L’e-mail, seppur priva di firma, rientra tra le riproduzioni informatiche

L’email è un documento elettronico che contiene la rappresentazione informatica di atti, fatti o dati giuridicamente rilevanti che, seppure privo di firma, rientra tra le riproduzioni informatiche e le rappresentazioni meccaniche di cui all’articolo 2712 c.c.; essa forma piena prova dei fatti e delle cose rappresentate se colui contro il quale viene prodotto non ne disconosca la conformità ai fatti o alle cose medesime.
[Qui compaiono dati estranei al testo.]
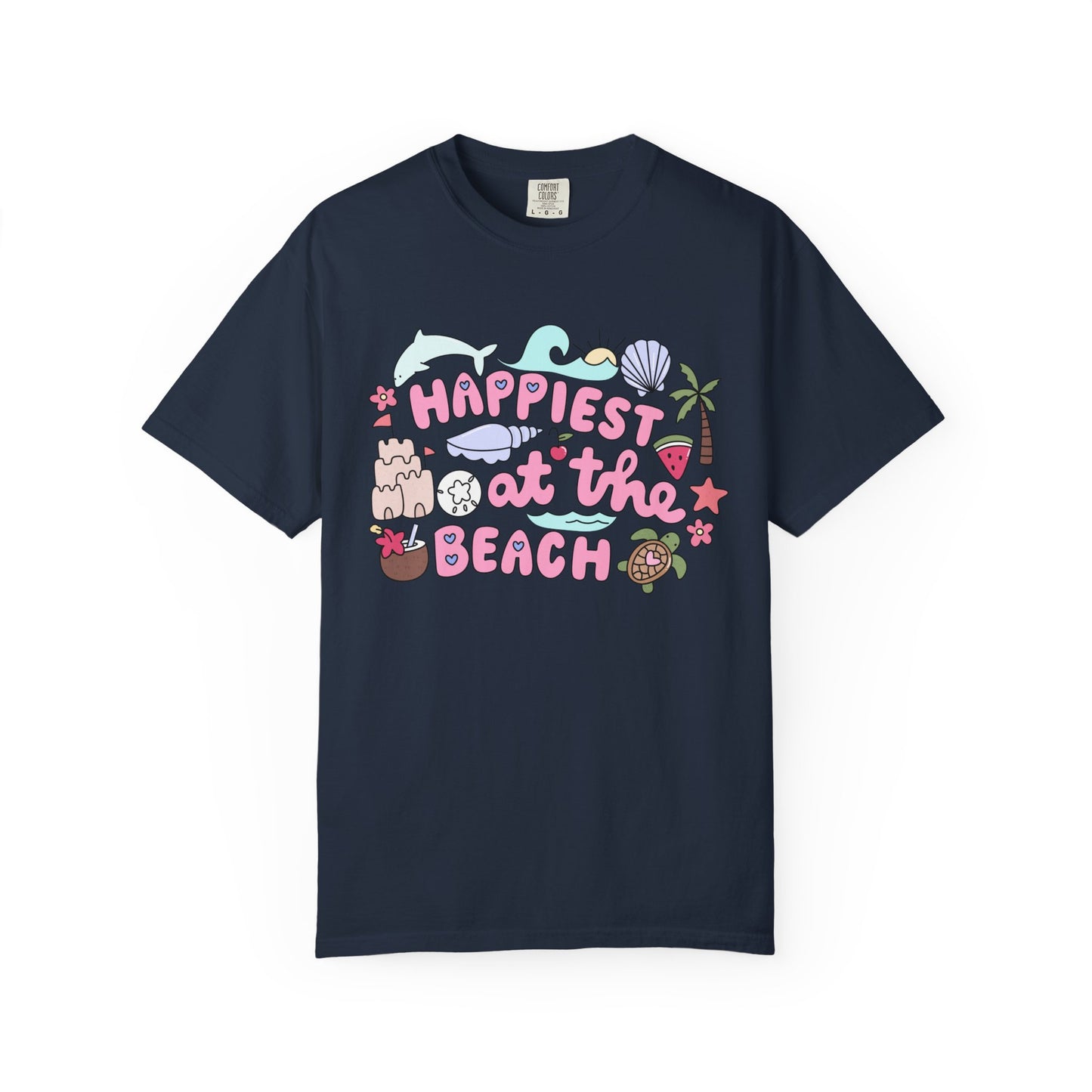 Happiest at the Beach T-shirt | Unisex Garment-Dyed Tee | Summer Vibes, Beach Lovers, Gift for Vacation, Casual Wear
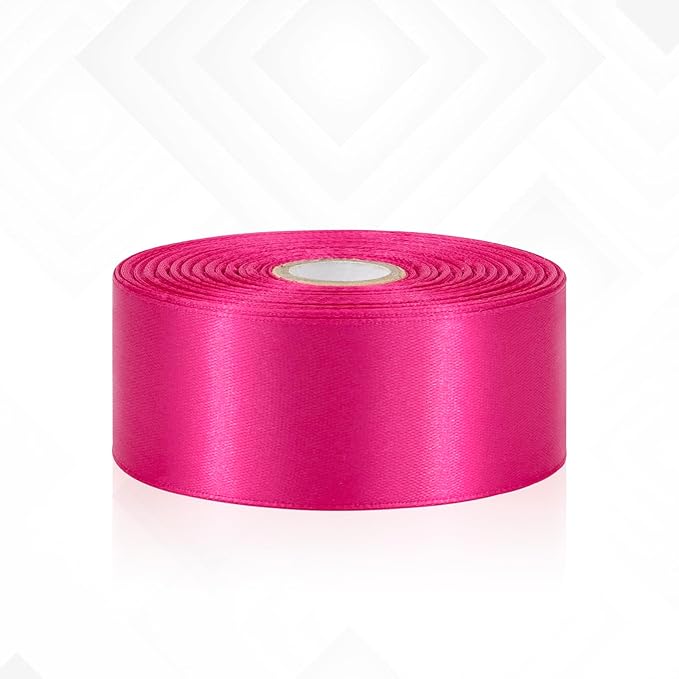 30 Yards Hot Pink Ribbon 1-1/2 Inch, Hot Pink Satin Ribbon for Flower Bouquet Accessories, Gift Wrapping, Crafts, Hair, Christmas, Wedding and Bow Making
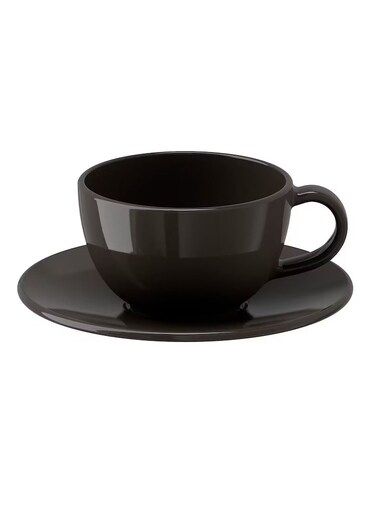 cup and saucer, dark grey14 cl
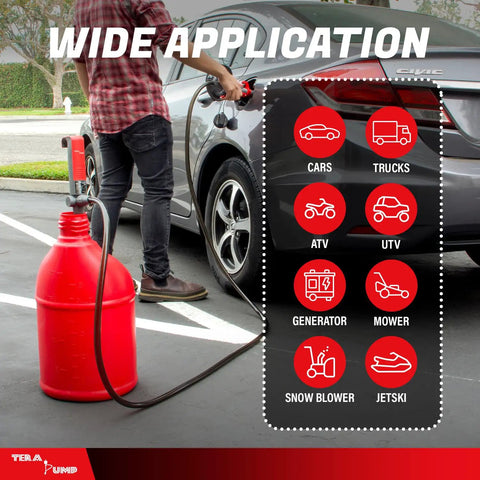 Heavy Duty Battery Operated Electric Chemical Transfer Pump With Adjustable Telescopic Suction Tube For Three To Twenty Gallon Drums Gas Cans And Pails Swivel Spout No Stress Duo Pack used to refuel a car from a red jerry can.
Lo precisa il Tribunale di Cosenza con la sentenza 7 maggio 2024, n. 1019.

Il fatto

Adito in merito ad una vicenda inerente al pagamento di una somma di denaro per la fornitura di taluni materiali il Tribunale di Cosenza, nel suo intervento qui in esame, si sofferma (tra l’altro) sul valore giuridico dei messaggi inviati a mezzo posta elettronica.

È opportuno muovere dal quadro normativo di riferimento richiamando così il Dlgs 7 marzo 2005, n. 82 (Codice dell’Amministrazione Digitale) secondo cui l’e-mail costituisce un “documento informatico”, ovvero un “documento elettronico che contiene la rappresentazione informatica di atti, fatti o dati giuridicamente rilevanti” (art. 1, comma 1, lett. p).

L’e-mail, pertanto, seppur priva di firma, rientra – come espressamente afferma il Tribunale calabrese nella sentenza qui in esame – tra le riproduzioni informatiche, ovvero fra le rappresentazioni meccaniche indicate, con elencazione non tassativa, dall’articolo 2712 c.c. e dunque forma piena prova dei fatti e delle cose rappresentate, se colui contro il quale viene prodotta non ne disconosca la conformità ai fatti o alle medesime cose (Cass. civ., sez. II, 30 aprile 2024, n. 11584; Cass. civ., sez. I, 29 gennaio 2024, n. 2607; T.R.G.A. Trentino-Alto Adige, Bolzano, 25 ottobre 2023, n. 315; Cass. pen., sez. V, 3 febbraio 2020, n. 4485; Cass. civ., sez. I, ord., 17 luglio 2019, n. 19155; Cass. civ., sez. III, 24 novembre 2005, n. 24814).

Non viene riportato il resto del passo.